"The pen is mightier than the sword."
~William Shakespeare

Saturday, November 30, 2013

NaNoWriMo 2013 Ends.

NaNoWriMo ended 3 minutes ago, and I proudly present my final word count for NaNoWriMo 2013:
32,168

Yeah, I have to say I'm proud. I'm glad I exceeded last year's 17,445 and I'm glad I count my story as a not-failure, especially considering the quality of its predecessor. Congratulations to everyone as NaNo '13 comes to a close! : ) I achieved my goal of 30K and even got the 32K I was praying for! I think it was worth the hour I spent every night writing and I'm proud of myself for accomplishing the student goal, at least.

Hope everyone has enjoyable holidays, birthdays, and summers and all that--might not write on here again until October 31 2014!

~N

Wednesday, November 27, 2013

NaNo Update--11.27

So NaNoWriMo 2013 is coming to an end and last year I epically failed with only 17,445 words and now I've got 28,461! So that's nice. I think by the way things are going, I'm aiming for 30,000, maybe 32K. But I'm only on chapter 8 out of 18, which makes me sad because I've really grown to love my story so much and I doubt I'd be motivated to write much after this whole thing is over, which is unfortunate! How grand it would be to complete my novel, perhaps with 60, 70K words in it, even if it takes a year! I wish I could see the day it could be complete! I can only hope I remain motivated to see the end of that thing.

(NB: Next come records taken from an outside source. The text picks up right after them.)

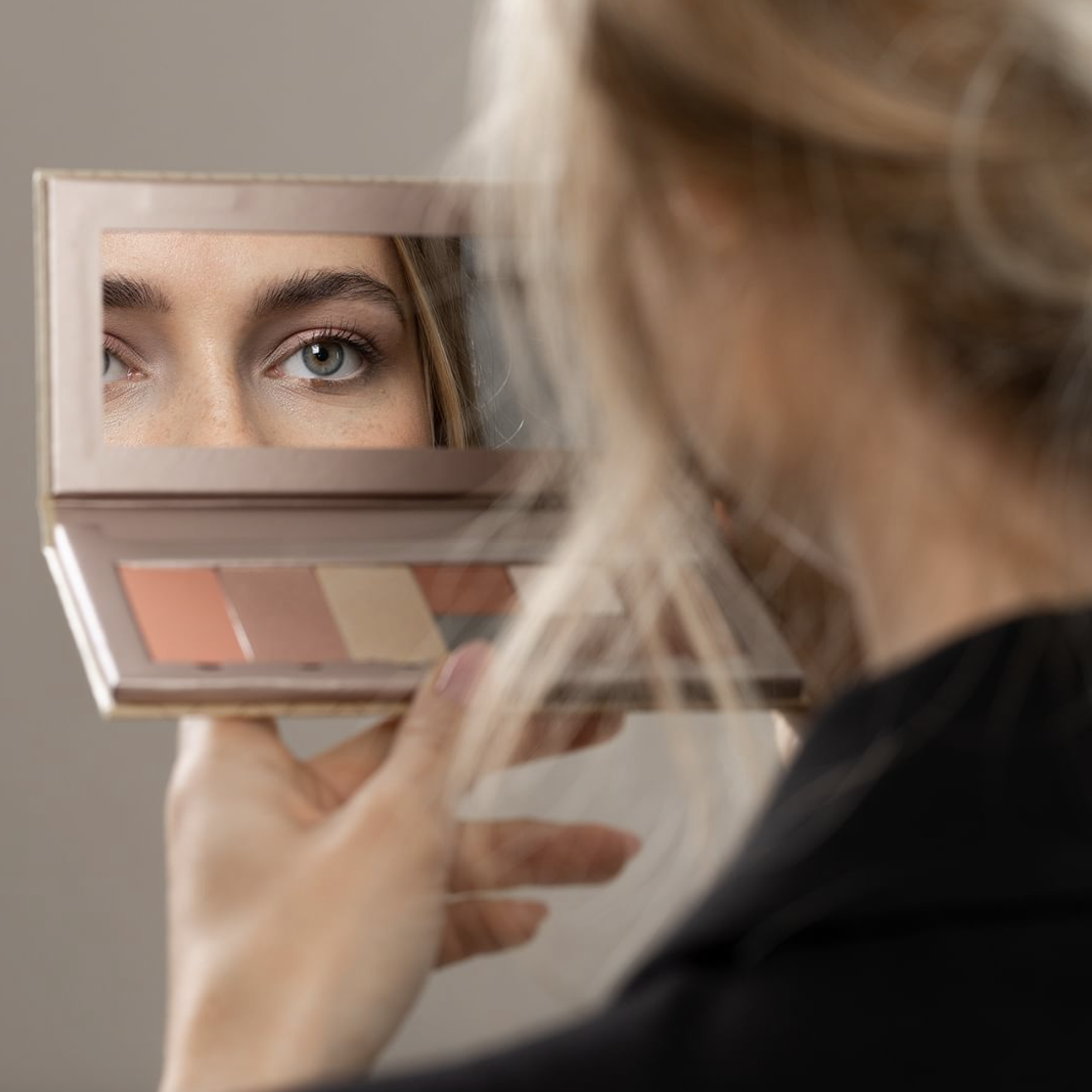 Model with Palette Refills 2023.png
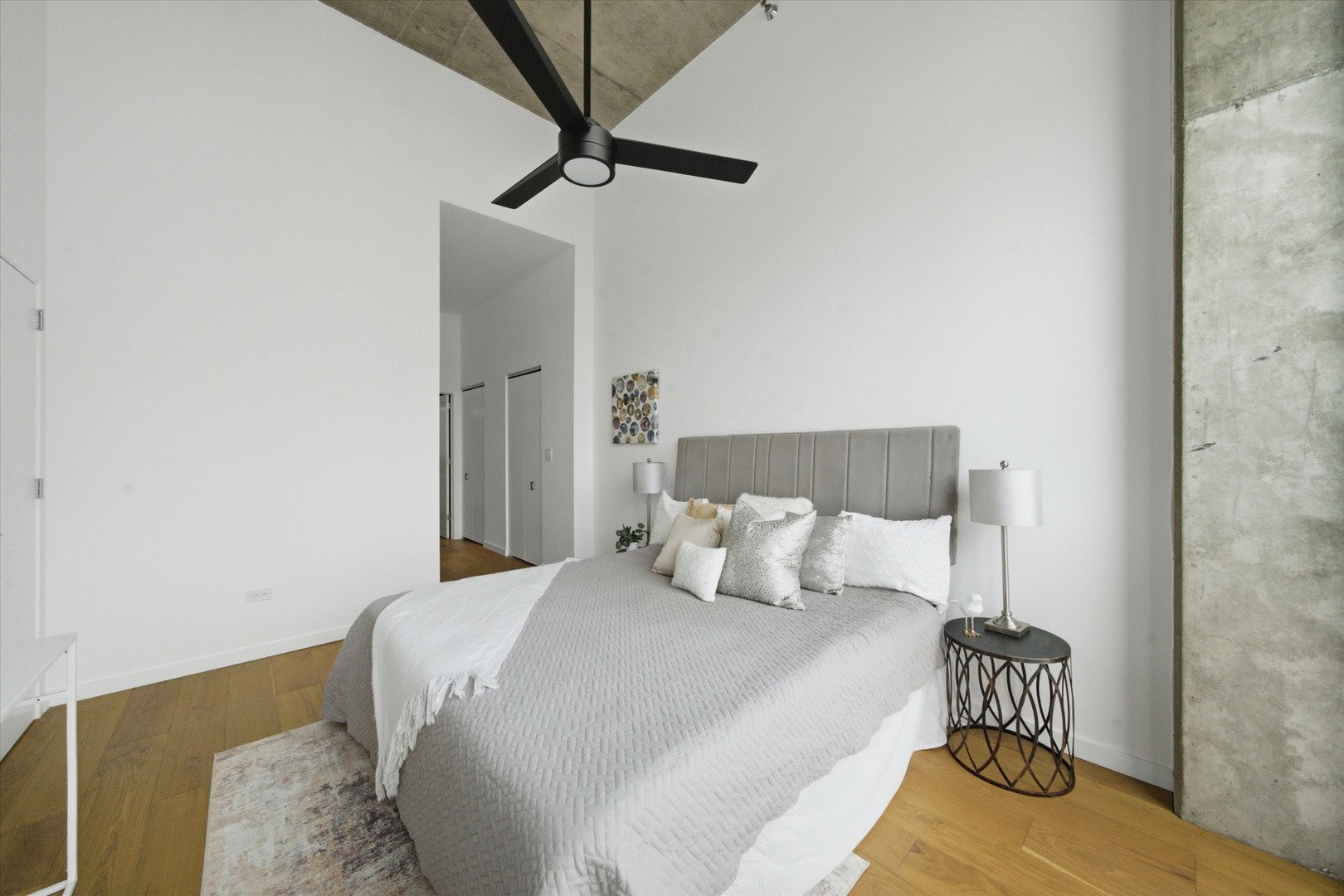 321 S Sangamon Street Unit: 908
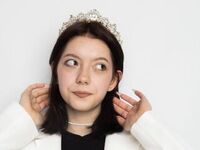 naked webcam girl photo ArielleTewell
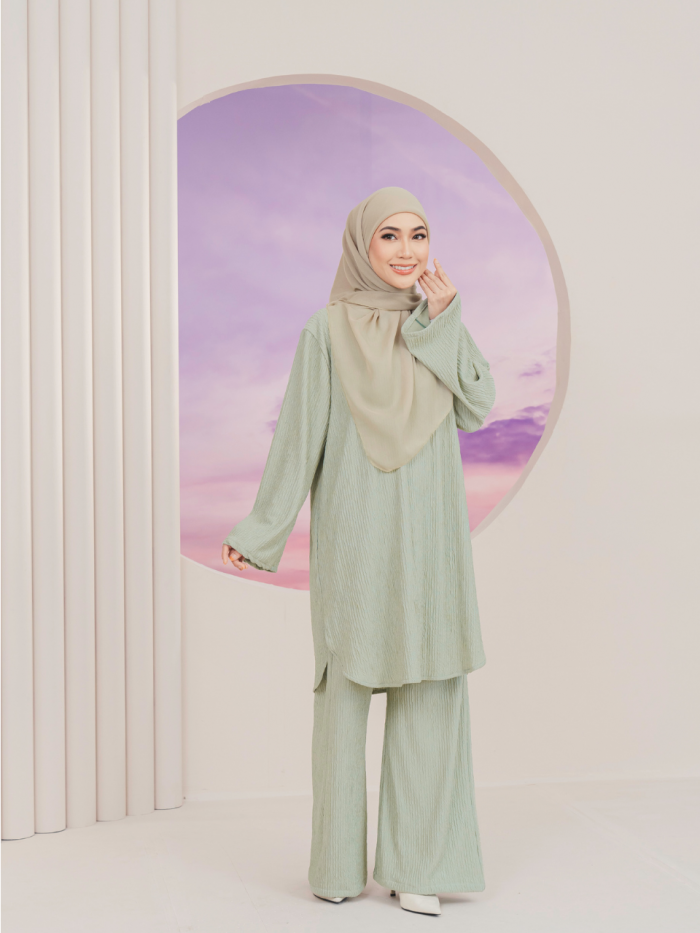 CAMILA IRONLESS SUIT - PASTEL GREEN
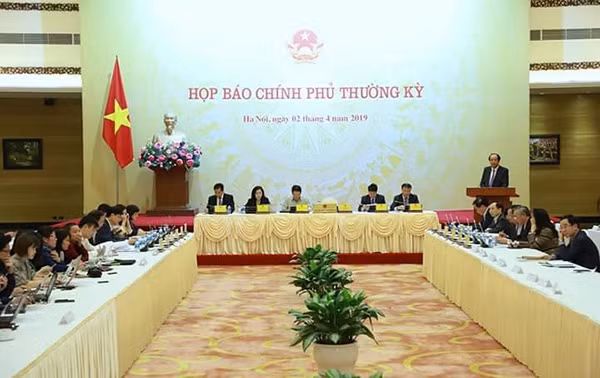 Họp báo Chính phủ thường kỳ tháng 3 giải đáp nhiều vấn đề dư luận quan tâm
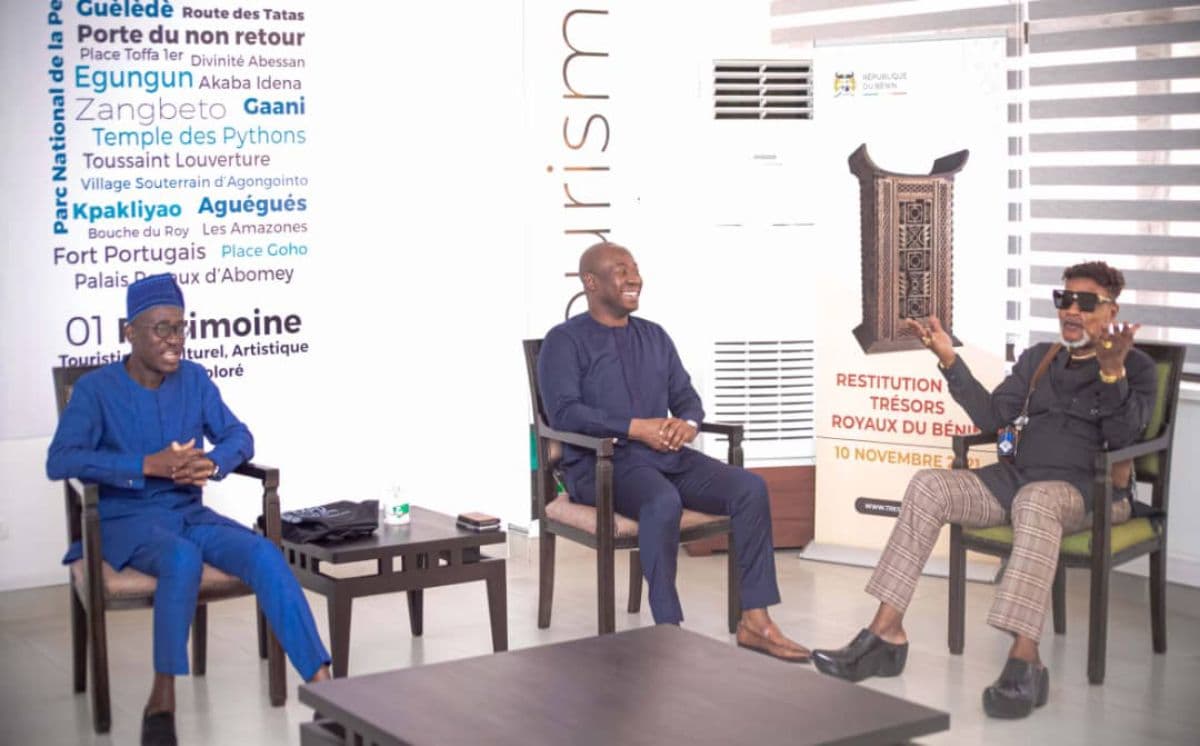 Bénin: Koffi Olomidé échange avec deux membres du gouvernement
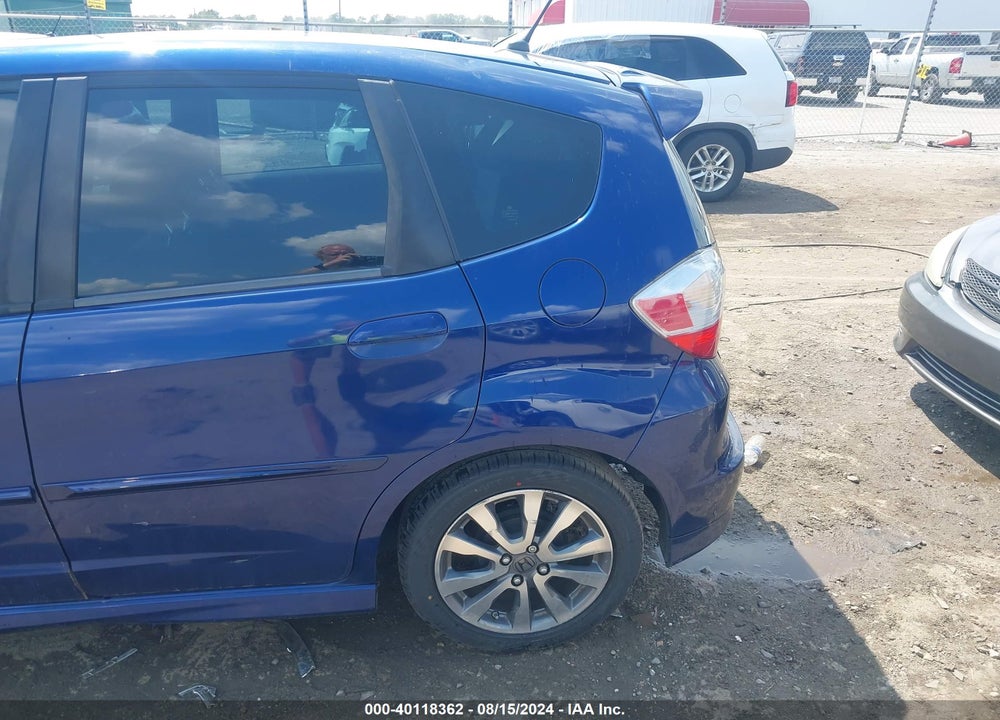 2013 HONDA FIT SPORT VIN: JHMGE8H62DC011303
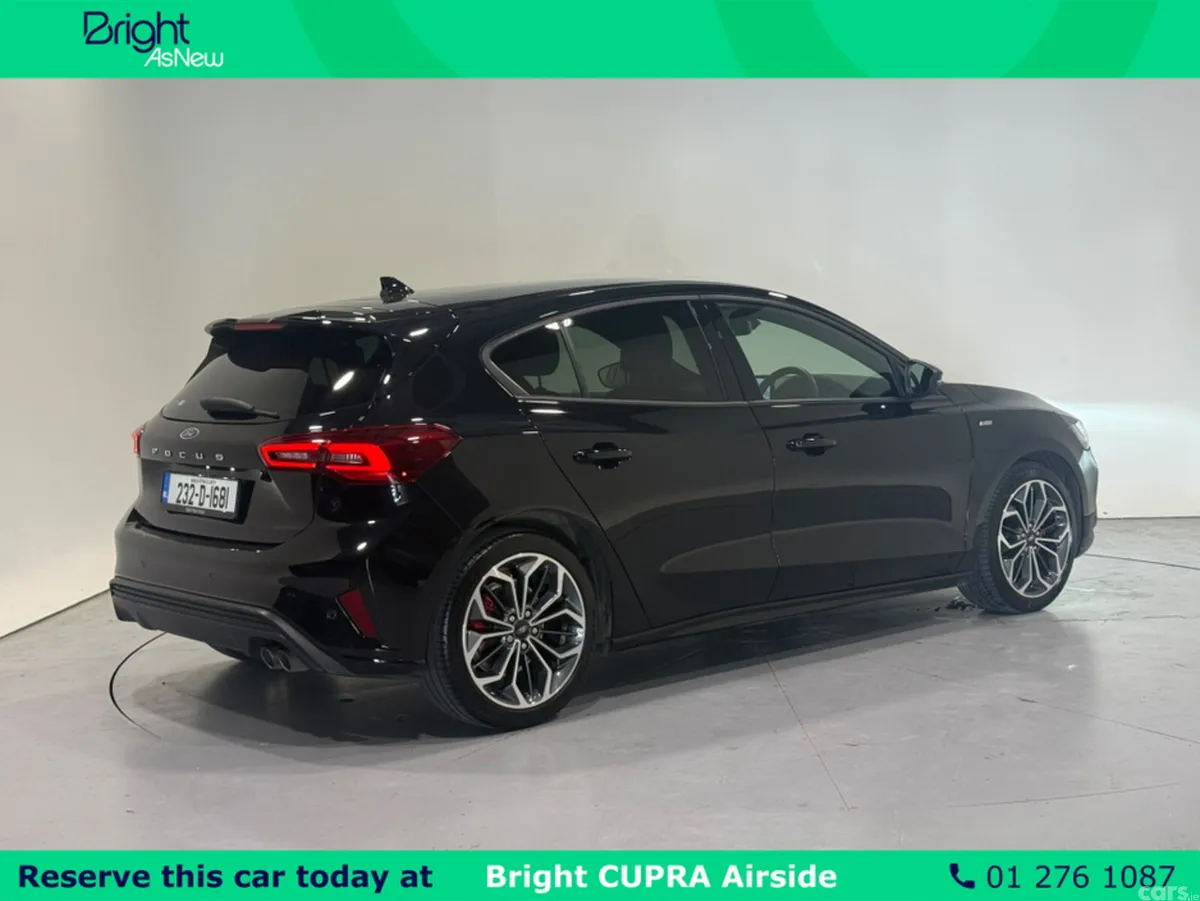 Ford Focus Hatchback, Petrol, 2023, Black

Hope all is well with anyone else's novels as November comes to a close.
P.S. Happy Thanksgiving!

~N

Wednesday, November 20, 2013

NaNoWriMo 2013 update--11.20

It's already the 20th day of NaNo Time, but I remembered my blog and wanted to update.
Interestingly enough, (or not interestingly enough, since procrastination is unfortunately my strong suit,) I was in the middle of my nightly writing session until I came here to update the good old blog. At present, my new story has 20,860 words and it's 36 pages. I'm going for 30,000 this year, and I don't think I'll ever get to the Grand Total before high school ends, considering it's only going to get rockier and rockier along the way. Anyway, I plan to write buckets of words over Thanksgiving, although those four last days can either make or break you. Considering last year I spent my Thanksgiving vacation sleeping and, uh, not writing a single word, I'm starting to grow concerned. But I really like my story a lot and I can't wait to write the end. Whether I finish it or not before December, I hope I don't lose immediate interest in it once NaNo's over. Although it'll be an odd, odd feeling to write it without constantly checking my word count of course!!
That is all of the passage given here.